In Caste, Isabel Wilkerson takes a fresh approach to an important issue. When one hears the word ‘caste,’ they are likely to think of India, and it is true that country defined it thousands of years ago and it is alive today. But Wilkerson shows how it has applied to America for hundreds of years, and to Nazi Germany for two decades.
It might surprise the reader to see Nazi Germany added to the comparison until, as the author points out, the Nazis looked to the United States and studied its Jim Crow laws of the 1930s in establishing their own laws separating Jews from society.
The book goes through several phases. It begins with a gentle, literary touch with well-crafted prose speaking in metaphors about a house’s foundation, one that may have unrealized cracks. Then it delves into the horrors of slavery and how the subjugation of a caste continued after the civil war. Finally, it leads to reader to consider how much caste distinction is built into each member of our society.

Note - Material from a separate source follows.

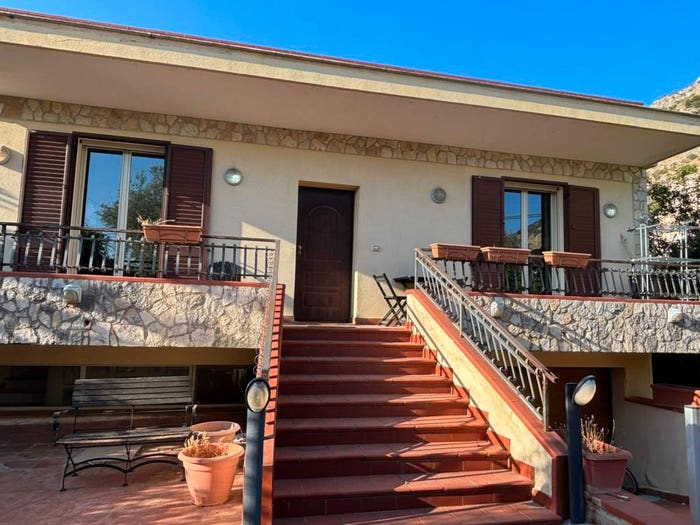 Casa con 6 locali in vendita in Via Marinai Alliata, Castelforte, Palermo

Most of this section is from the point of view of today, least we think we’ve outgrown caste thinking, and much of that is from the author’s own personal experience.
The central section of the book depicts individual horrors we’ve read before. It is worth reading again, but the book doesn’t depend on those events to make a point, and the sections beyond that are worth wading through the center.
Although the author leads the reader into the book gently, it is not a light read. But it is important.